Step 5 — Confirm footage understanding with the user

(This is the "Review the footage together" todo.) Once every summary is written, talk through what the footage actually shows — confirm character names, locations, the narrative through-line, any stray or off-thesis clips, and the user's creative intent for this library. Use plain conversation; only reach for AskUserQuestion when offering a discrete choice. As you learn things, update:

footage_summary and user_context via ruby lib/buttercut/library.rb <name> update_metadata footage_summary "..." (and the same with user_context)
individual summary_*.md files when a summary mislabels someone or misses a key detail (e.g., "a man in a tan jacket" → the user's name)

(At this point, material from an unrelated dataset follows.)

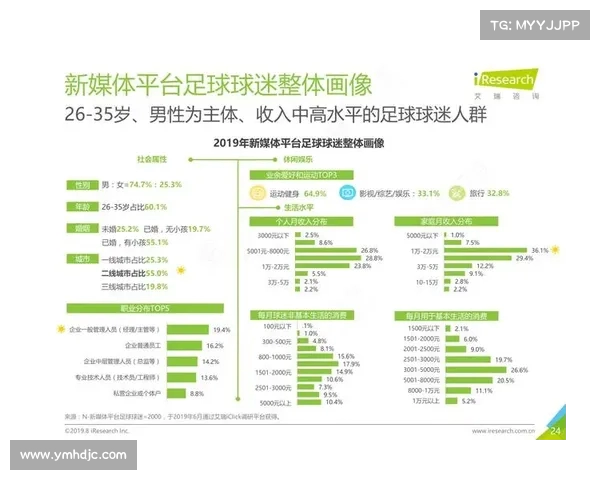 足球球员海外租借现状分析与未来发展趋势探讨 足球球员海外租借现状分析与未来发展趋势探讨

This is the one place to do this thorough pass. Every later roughcut planning run inherits the resulting context rather than re-interrogating the library.

Step 6 — Stop caffeinate

If you started caffeinate in Step 1, kill it now:

kill $CAFFEINATE_PID 2>/dev/null

Parallel sub-agent pattern (reference)

Used in steps 3 and 4.

Parent agent responsibilities:

Read library.yaml and settings.yaml once to gather all values needed by sub-agents.
Launch Task agents passing all needed values inline in the prompt.
Update library.yaml sequentially as agents complete (via the Library API — see AGENTS.md).
Handle errors and retries.

Child agent responsibilities:

Process its assigned clip(s) using only the inputs passed inline by the parent.
Refine a transcript JSON in place (refinement) or read the pre-generated contact sheet, extract dialogue from the transcript via script_extractor.rb, and write the summary markdown in one Write call (analyze-video). (WhisperX is no longer a sub-agent — process_footage.rb transcripts runs it in Step 2a.)
Return a short structured response with file paths.

Each skill's agent_prompt.md documents its own IO contract — including whether the sub-agent reads or writes library.yaml. (Spoiler: it never writes library.yaml. Only the parent writes, via the Library API.)

If the user requests a rough cut before analysis completes

Warn: "I can create a rough cut now, but I'll do a better job after analyzing all the footage. Continue anyway?" If the user confirms, proceed. Otherwise, wait for analysis to complete.